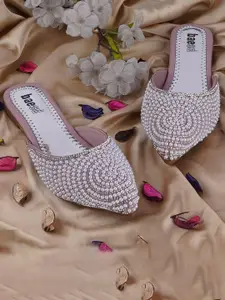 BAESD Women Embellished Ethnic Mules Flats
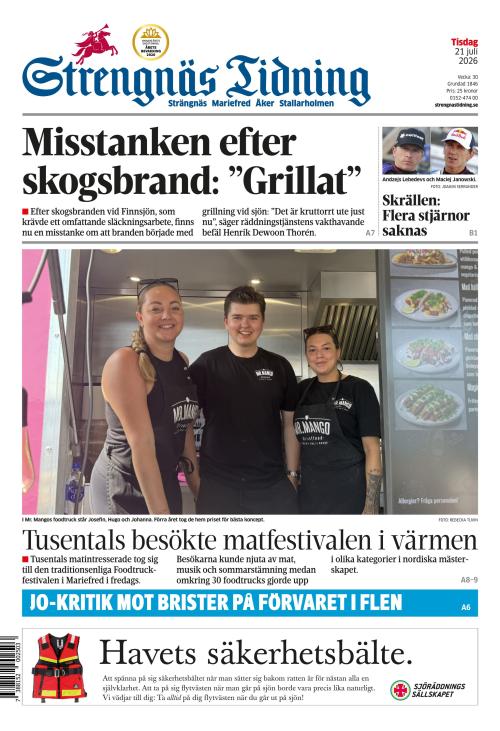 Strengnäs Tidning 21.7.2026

---

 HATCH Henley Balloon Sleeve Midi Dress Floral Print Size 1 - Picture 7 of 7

==

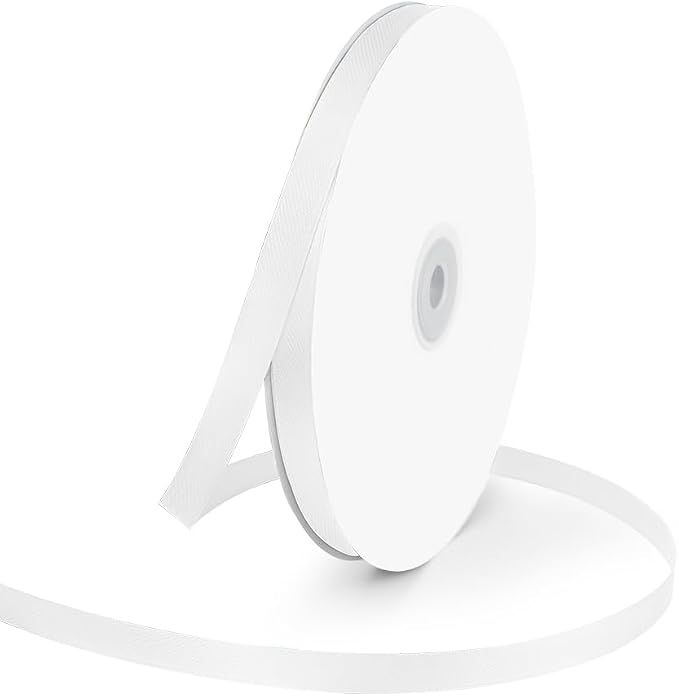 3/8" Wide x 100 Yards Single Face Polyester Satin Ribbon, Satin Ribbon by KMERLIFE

» Try it: In the listing above, find the line containing "BAESD Women Embellished Ethnic Mules Flats" and the line containing "Strengnäs Tidning 21.7.2026". Print those two lines and every line between them exactly, with no pictures.

» Exercise output:
 BAESD Women Embellished Ethnic Mules Flats
 Strengnäs Tidning 21.7.2026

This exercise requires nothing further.